- **Problem details**: Everything from the line containing "Співробітник сервісного центру" through the final line below must be output exactly, both ends included, with nothing else and no pictures.

◇ ◇ ◇ ◇

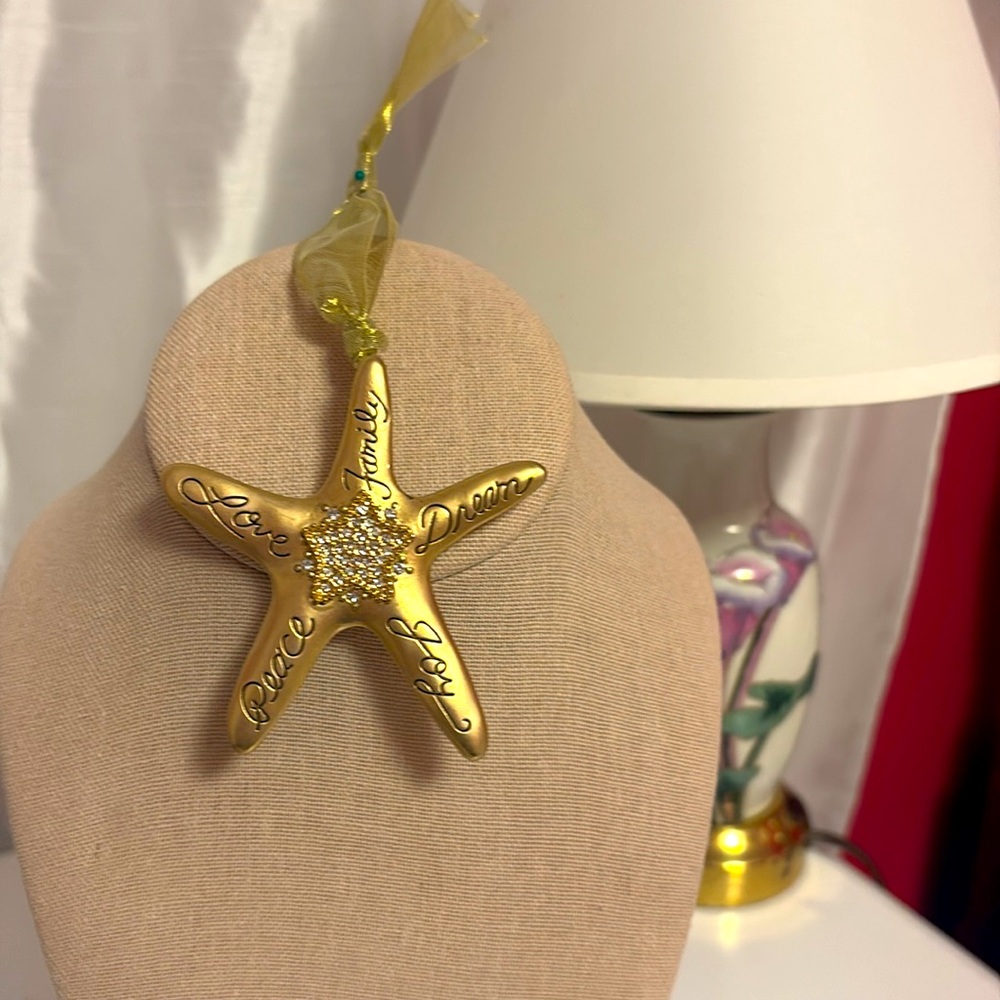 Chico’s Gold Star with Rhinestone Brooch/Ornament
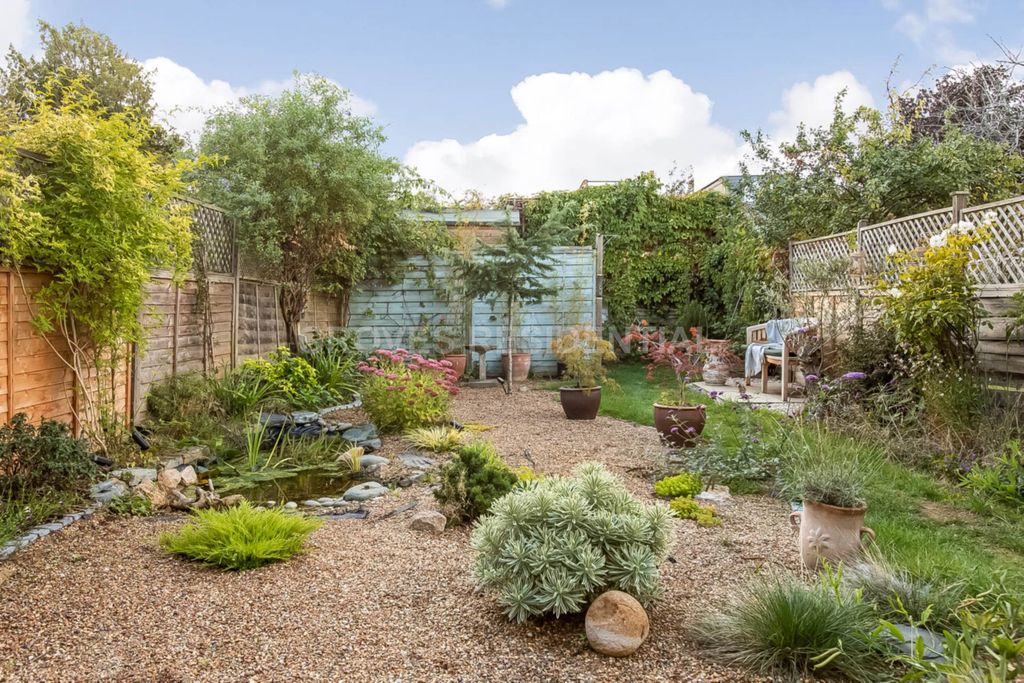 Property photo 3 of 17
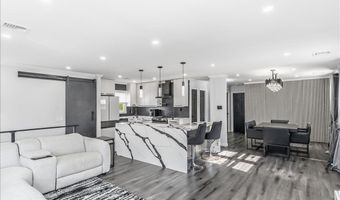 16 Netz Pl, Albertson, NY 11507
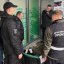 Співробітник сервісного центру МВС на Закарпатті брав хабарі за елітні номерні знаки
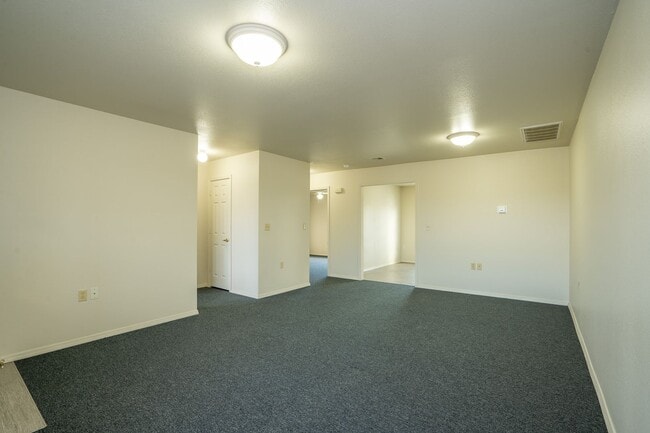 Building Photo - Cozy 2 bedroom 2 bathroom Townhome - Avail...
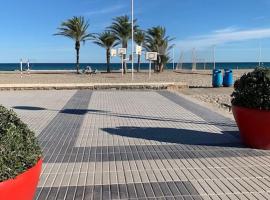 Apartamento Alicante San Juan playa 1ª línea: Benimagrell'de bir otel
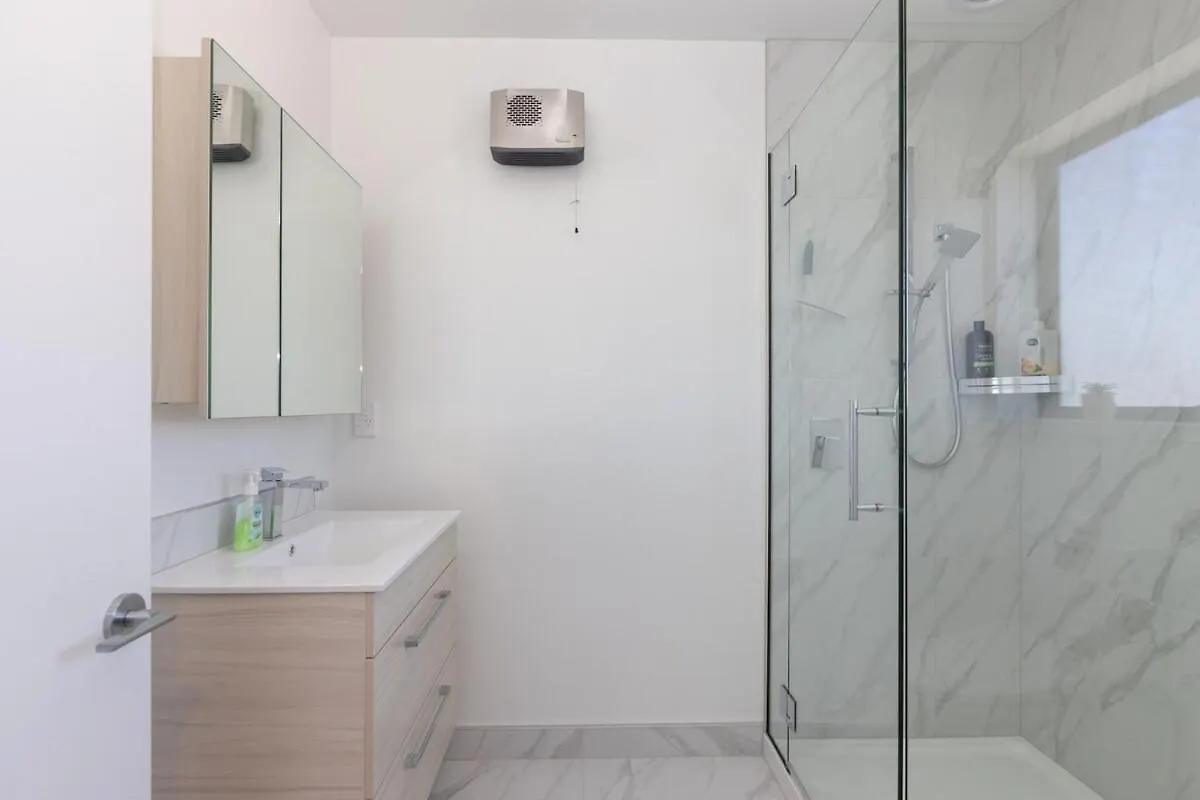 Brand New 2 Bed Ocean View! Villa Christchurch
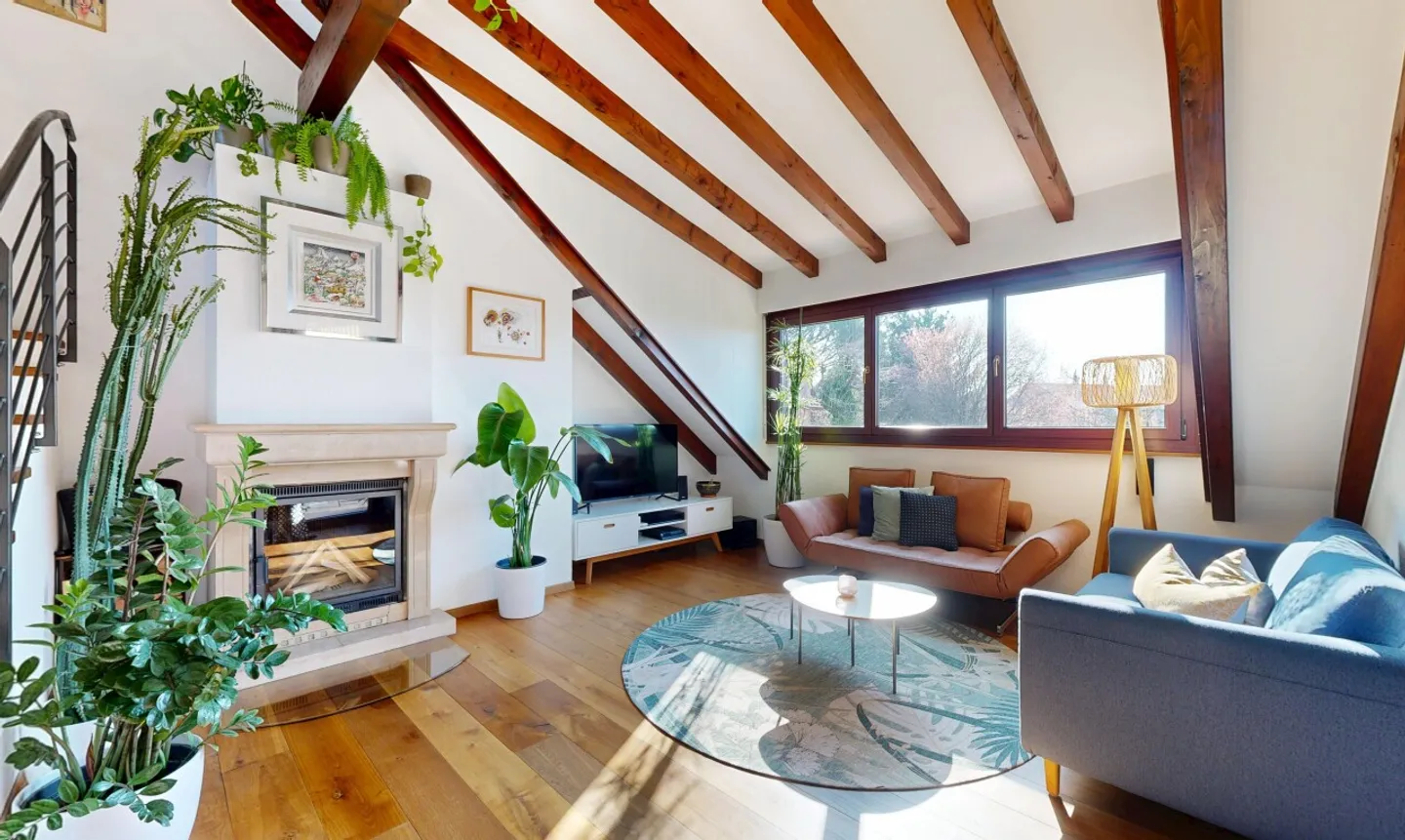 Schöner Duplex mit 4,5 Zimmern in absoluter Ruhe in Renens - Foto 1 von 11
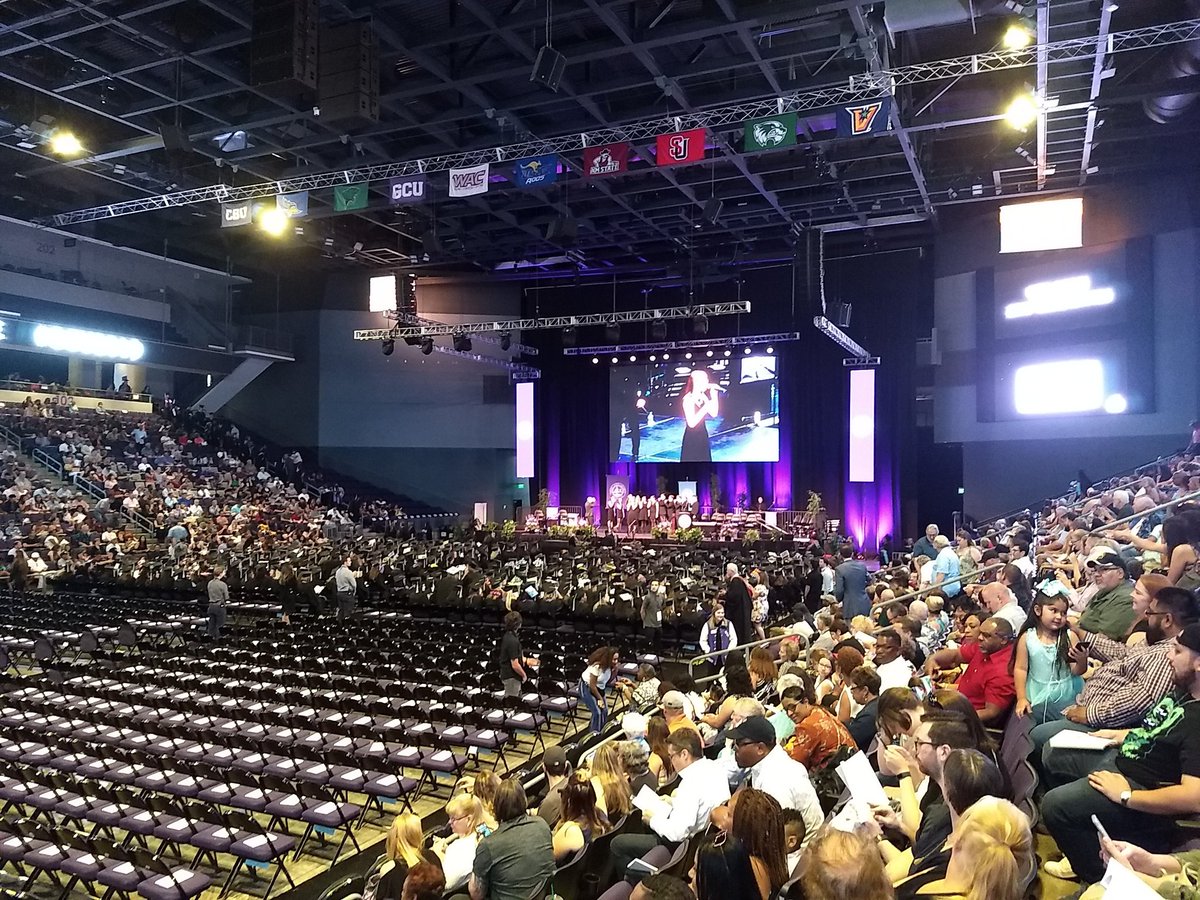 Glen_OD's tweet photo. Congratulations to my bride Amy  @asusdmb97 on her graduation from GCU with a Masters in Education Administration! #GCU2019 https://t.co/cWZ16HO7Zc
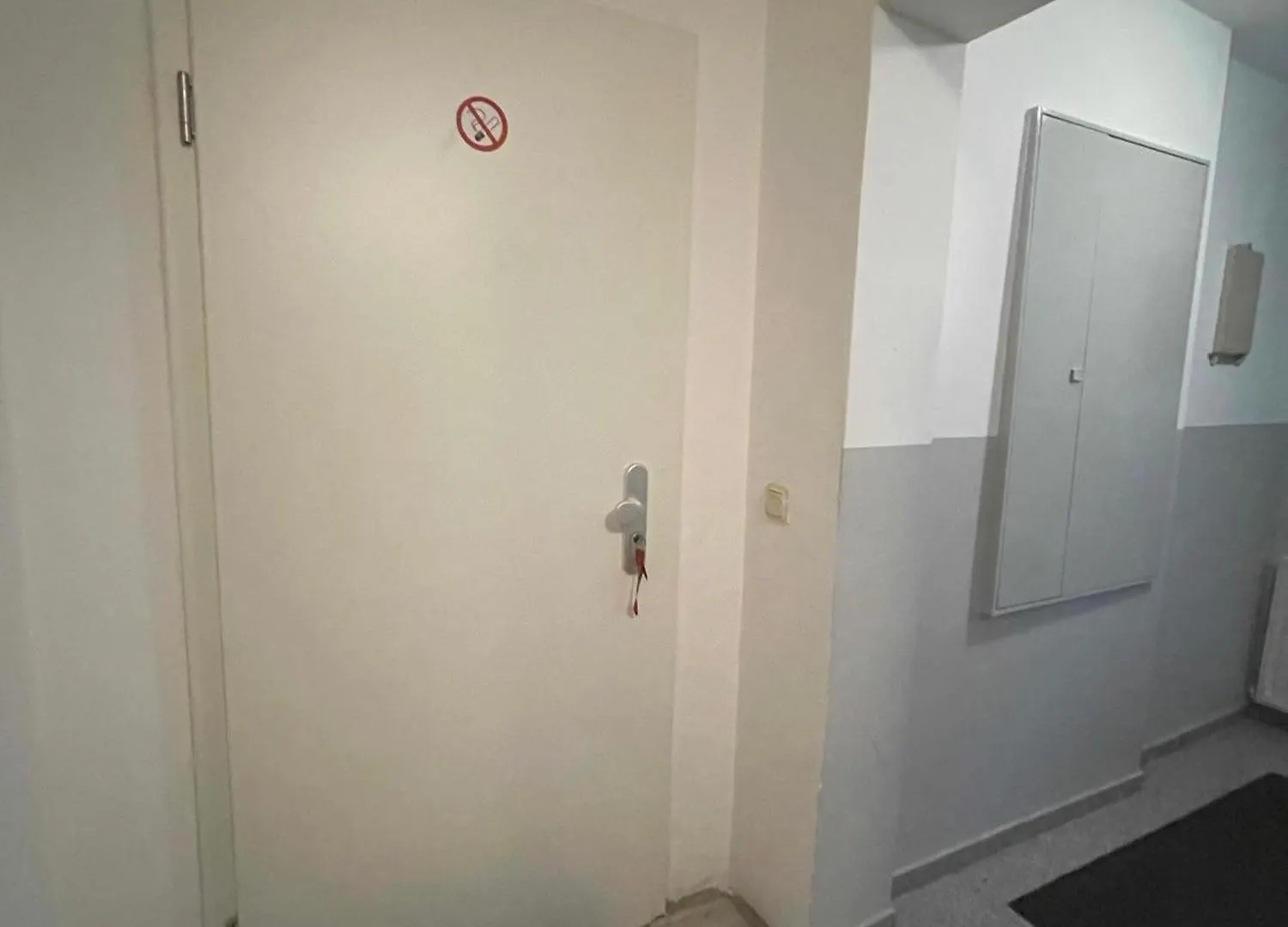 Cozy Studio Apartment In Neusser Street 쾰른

◇ ◇ ◇ ◇

- **Task output**:
 Співробітник сервісного центру МВС на Закарпатті брав хабарі за елітні номерні знаки
 Building Photo - Cozy 2 bedroom 2 bathroom Townhome - Avail...
 Apartamento Alicante San Juan playa 1ª línea: Benimagrell'de bir otel
 Brand New 2 Bed Ocean View! Villa Christchurch
 Schöner Duplex mit 4,5 Zimmern in absoluter Ruhe in Renens - Foto 1 von 11
 Glen_OD's tweet photo. Congratulations to my bride Amy  @asusdmb97 on her graduation from GCU with a Masters in Education Administration! #GCU2019 https://t.co/cWZ16HO7Zc
 Cozy Studio Apartment In Neusser Street 쾰른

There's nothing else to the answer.